Comet_maths Random Generator Module

Comet_maths Random Generator Module#

The purpose of the generate_sample module in comet_maths is to generate Monte Carlo (MC) samples. This mainly serves the needs of the MC uncertainty propagation module in punpy. Typically, one needs to generate a sample where each of the elements is randomly drawn from a Probability Density Function (PDF).

The most straigthforward case is when a sample has to be generated from a Gaussian PDF for a single mean and standard deviation. Within this module, the notation is as for the punpy module. i.e. using x for the mean (which is the input quantity in punpy) and u_x for the standard deviation (uncertainty in punpy). The generate_sample() function is used to generate the MC sample:

import comet_maths as cm
sample=cm.generate_sample(100,5,1)

The above example will generate a sample with 100 draws from a Gaussian distribution with 5 as mean and 1 as standard deviation. Other PDF are also available (see section below).

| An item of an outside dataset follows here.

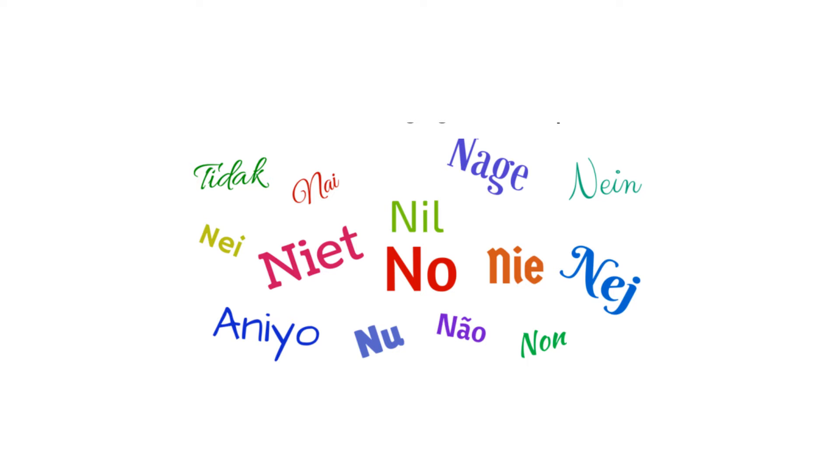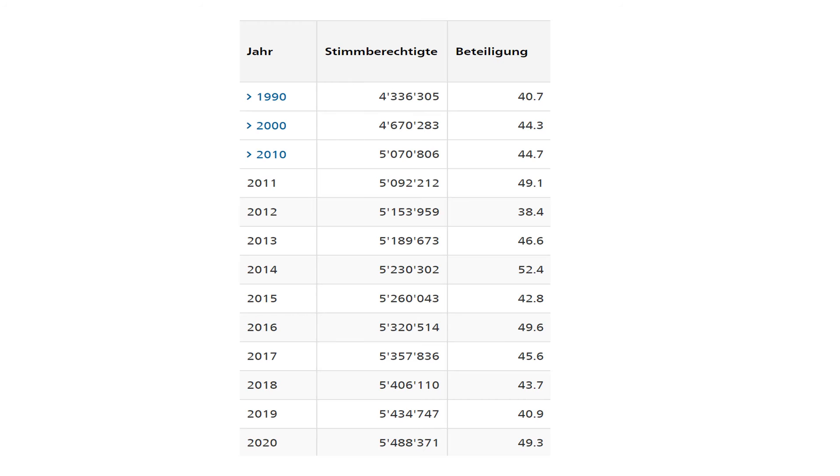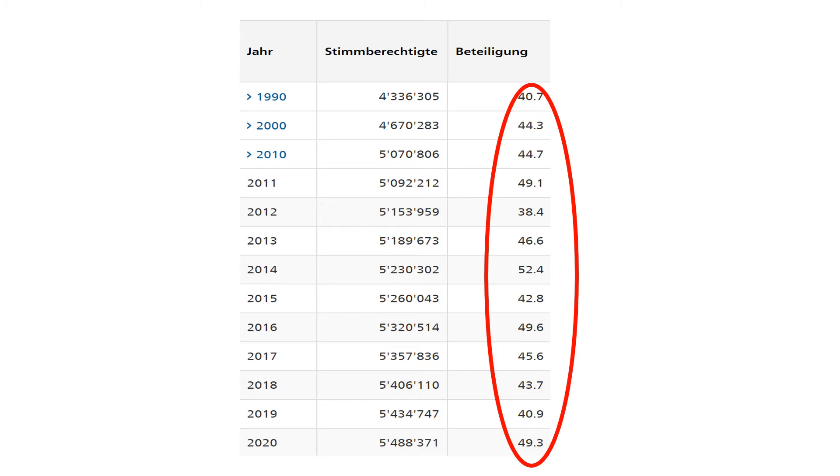Really? Let's take a look at the vote participation of the last years. You see that it was rarely over 50%. Scandalous.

Often, a MC sample needs to be generated for more than a single input quantity. In this case, the generate_sample() function can still be used, where now x and u_x can be provided as a numpy arrays (with one or more dimensions), rather than a single number. However, when providing arrays, it is important to also provide the corr_x keyword to indicate how the different elements of the MC sample should be correlated:

import comet_maths as cm

x = np.array([330.,350.,370.,390.,410.])
u_x = np.array([10.1,12.3,14.7,16.2,18.4])

sample=cm.generate_sample(100,x,u_x,corr_x="rand")

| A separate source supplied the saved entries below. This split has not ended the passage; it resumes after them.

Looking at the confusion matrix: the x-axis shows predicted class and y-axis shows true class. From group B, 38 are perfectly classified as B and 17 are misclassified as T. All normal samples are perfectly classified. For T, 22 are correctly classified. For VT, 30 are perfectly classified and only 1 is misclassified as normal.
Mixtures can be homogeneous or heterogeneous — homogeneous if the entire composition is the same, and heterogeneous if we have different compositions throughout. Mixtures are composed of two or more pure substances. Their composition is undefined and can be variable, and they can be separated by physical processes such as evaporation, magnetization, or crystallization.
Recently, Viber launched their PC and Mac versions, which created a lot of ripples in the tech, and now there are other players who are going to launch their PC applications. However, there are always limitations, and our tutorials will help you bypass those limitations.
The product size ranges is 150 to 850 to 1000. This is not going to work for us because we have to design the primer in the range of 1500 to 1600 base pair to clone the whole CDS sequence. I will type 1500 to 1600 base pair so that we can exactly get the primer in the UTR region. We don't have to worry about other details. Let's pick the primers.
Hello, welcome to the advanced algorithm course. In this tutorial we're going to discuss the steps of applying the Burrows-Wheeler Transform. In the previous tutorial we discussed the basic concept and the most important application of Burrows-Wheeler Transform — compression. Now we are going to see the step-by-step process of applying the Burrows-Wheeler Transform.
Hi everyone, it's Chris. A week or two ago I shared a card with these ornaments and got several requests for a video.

We now get a sample with shape (100,5). There are thus 100 draws of the array with length 5. The corr_x here was set to “rand”, standing for a random correlation (i.e. the PDF’s of the different elements of the array are uncorrelated). It is also possible to set this to “syst”, which stands for a systematic correlation (i.e. the PDF’s of the different elements are fully correlated). Finally it is also possible to provide a correlation matrix for how the different elements of the array should be correlated. For these correlated options the MC sample is drawn from a joint PDF. Internally, comet_maths always generates independent random normally distributed samples first and then correlates them where necessary using the Cholesky decomposition method (see Random Generator Algorithm Theoretical Basis).

There are a number of other keywords for generate_sample(). The i keyword allows to generate a MC sample for a subset of the input data (i.e. x[i] and u_x[i] instead of x and u_x). The dtype keyword can be used to provide a numpy dtype for the output MC sample. The pdf_shape and pdf_params keywords will be detailed in the section below. When the comp_list keyword is set to True, a list of u_x and corr_x can be provided. Each of the elements of the lists will add variance to the resulting MC sample.

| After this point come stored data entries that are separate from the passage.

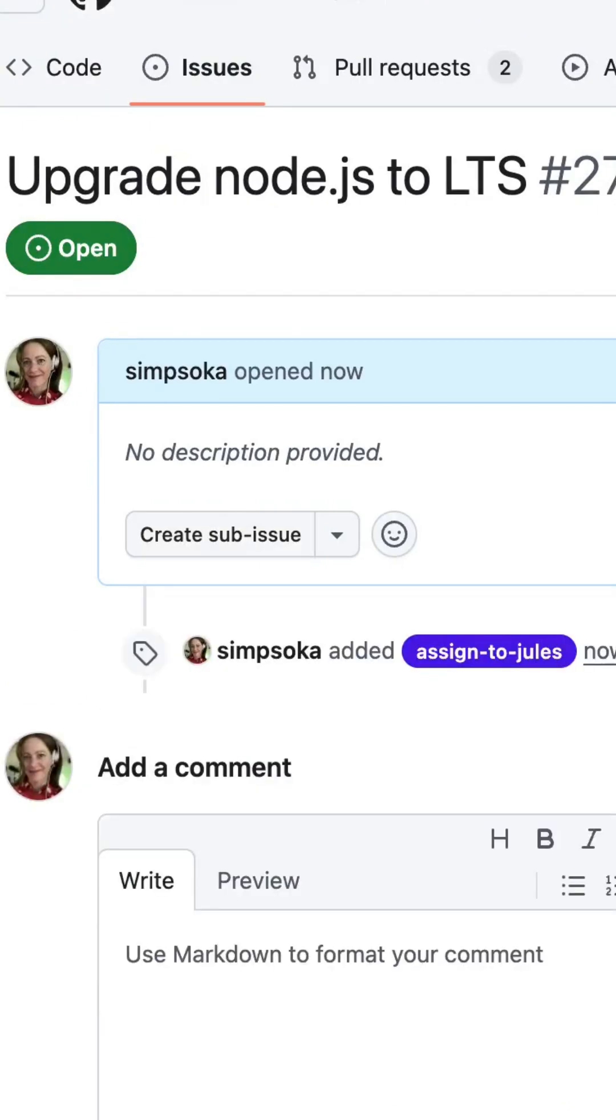Like writing tests, fixing bugs, building features, bumping dependency versions, and even generating audio changelogs of your commits.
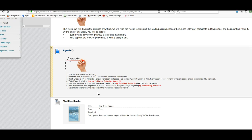Our reading assignment is the Little Penguin Handbook chapters 1 through 4 and pages 1 through 25 in the student essay in the River Reader. All readings should be completed by March 20th.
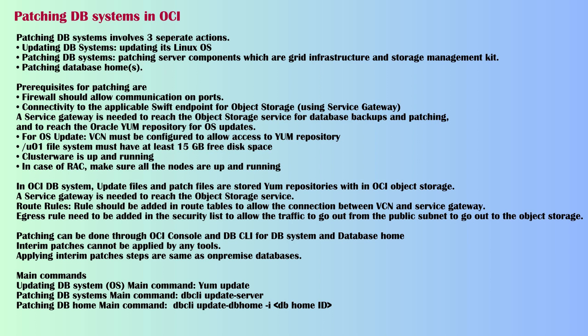Creating Service Gateway: A Service Gateway is needed to reach the object storage service for database backups and patching, and to reach the Oracle YUM repository for OS updates. Route Rules: We need to add a rule in Route Tables to allow the connection between VCN and Service Gateway. Egress rule needs to be added in the security list to allow the traffic to go out from the public subnet to the object storage.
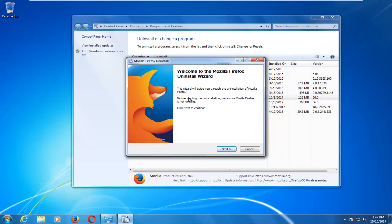Some programs will give you the option to save personal files if you're planning on reinstalling the application, so you might want to read a little bit carefully as you're going through the uninstallation process.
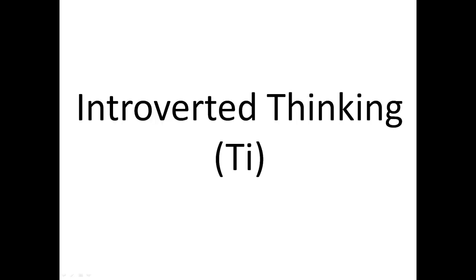an introverted function, they'll be very good at understanding this stuff internally and having it all in their head. But it isn't an extroverted function, so it could be difficult to explain to other people exactly their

There are also a number of other functions available from the generate_sample module in comet_maths, though generally it is recommended to just use generate_sample(). generate_sample_random(), generate_sample_systematic() and generate_sample_correlated() simply do the same as the above but with slightly different inputs (e.g. no corr_x keyword for random and systematic). There is generate_sample_same() function that trivially generates a sample where u_x is zero and thus consists of repeats of the provided x array. Then, there is the generate_sample_cov() function where a covariance matrix is provided instead of the u_x and corr_x (which contain the same information).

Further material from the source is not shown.